Ancient sites dismantled along M3 route

A series of ancient underground buildings from the early Christian era have been dismantled in recent days to make way for the…

A series of ancient underground buildings from the early Christian era have been dismantled in recent days to make way for the controversial M3 motorway.

The buildings, on one of the largest historical sites discovered along the proposed route, were logged and then removed by a team of archaeologists in advance of work on the road.

Dating back 1,300 years, they are the first stone archaeological features to be taken down as part of the motorway project. The move has led to a series of protests. Yesterday historians and archaeologists attached to the Save Tara campaign said the buildings, just north of Dunshaughlin, could be part of a royal site and therefore directly linked to the Hill of Tara.

However, archaeologists working for the National Roads Authority (NRA) said buildings of this type were relatively common in Ireland and that it had been meticulously logged before the dismantling began.


Described as a souterrain, the structure consisted of three beehive chambers linked by passages.They would have been used for storage and as refuges in case of attack.

The buildings, which were discovered in 2005, date back to the seventh century and were in use up to the 13th Century.
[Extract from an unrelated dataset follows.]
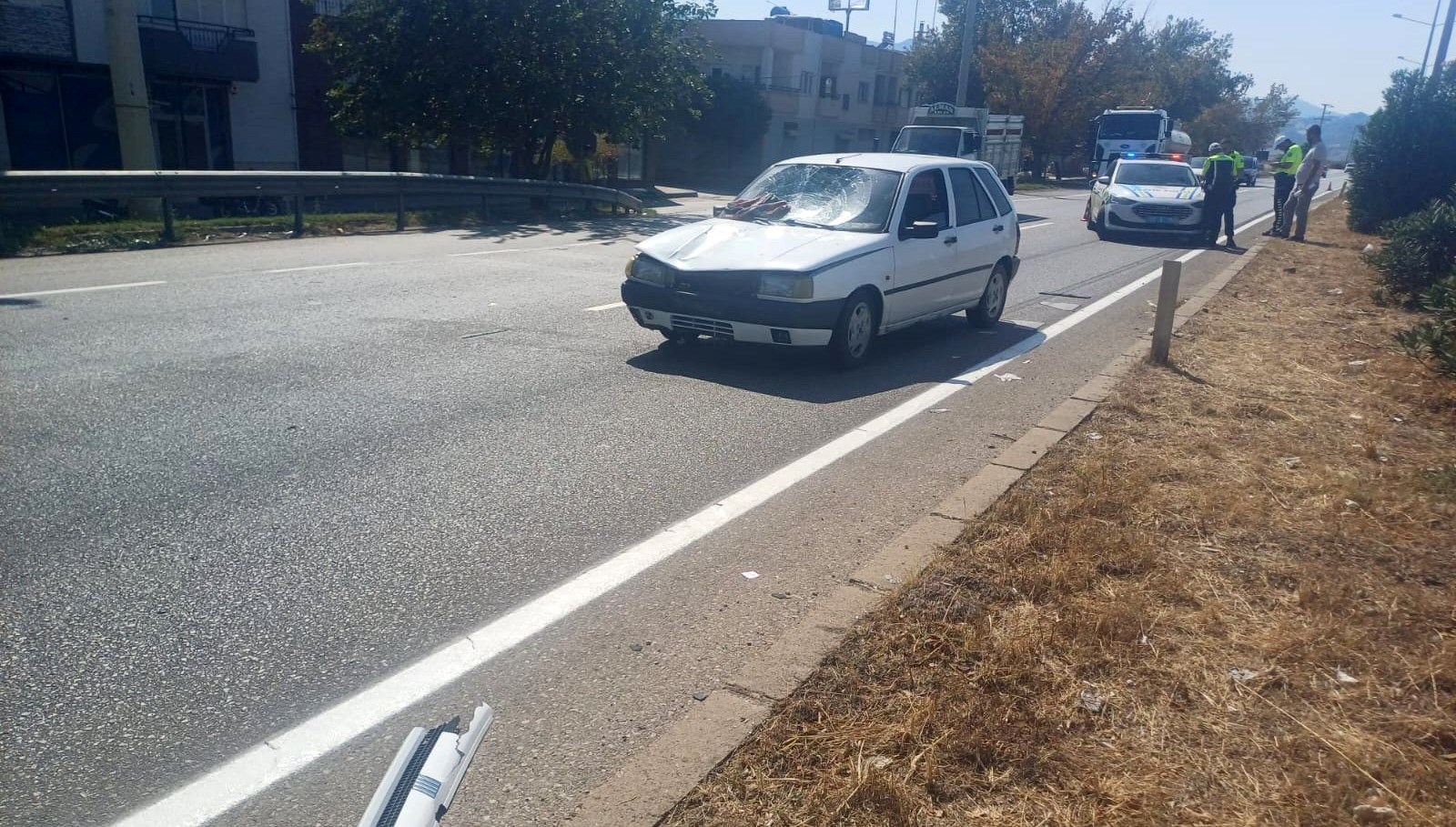 manisada kaza otomobilin carptigi kadin hayatini kaybetti UQmJtIrS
Located at Roestown, just north of Dunshaughlin, the souterrain was part of a much larger ancient complex.

The discovery of glass beads and carvings on bone indicate that some manufacturing activity could have been ongoing on the site at some stage.

Mary Deevy, project archaeologist with the NRA, said the removal of the stone buildings were part of a series of similar excavation work along the route.
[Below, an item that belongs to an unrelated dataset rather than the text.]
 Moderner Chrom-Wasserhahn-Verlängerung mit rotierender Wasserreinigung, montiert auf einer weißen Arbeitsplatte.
"It's completely standard archaeological practice," she said, adding that three dimensional laser images of the chambers had been taken before they were removed.

She said souterrains were relatively common in Ireland and that 3,500 are officially listed, the majority of them in Co Louth.

She said Roestown was not listed as a national monument, and that the excavation and removal had been carried out in accordance with the directions handed down in 2005 by the Minister for the Environment Dick Roche.

However, Celtic scholar Dr Muireann Ní Bhrolcháin, of the Save Tara campaign said the discovery of artefacts, including gaming board, indicated a "very high class site, probably inhabited by a king". Under Celtic laws the use of such gaming boards was confined to royalty.

She said Roestown was one of four major ancient sites discovered along the route and backs up claims by various experts that the area of royal Tara was much larger than the hill itself and extended along the Tara Skryne Valley, through the proposed route of the motorway.

"What the archaeologists working for the NRA have uncovered are the living places and the burial places of the people associated with Tara," she said.

It comes as campaigners prepare to use St Patrick's weekend to highlight the issue of Tara and the impact of the planned road on the archaeology of the area. Although the saint is not recorded as having visited Tara, he is directly associated with the area through various legends, such as the lighting of a Pascal fire on the hill of Slane nearby.

Vincent Salafia of the TaraWatch group said Roestown should have been listed as a national monument, and accused the NRA of having "rushed in and demolished the site" before it had a chance of receiving protected status. "This is the St Patrick's Day gift that the Irish Government has given to Irish people around the world," he said. "While the Government Ministers are swanning around the globe preaching the gospel of climate change, at home they are advancing one of the most environmentally and culturally damaging projects ever conceived."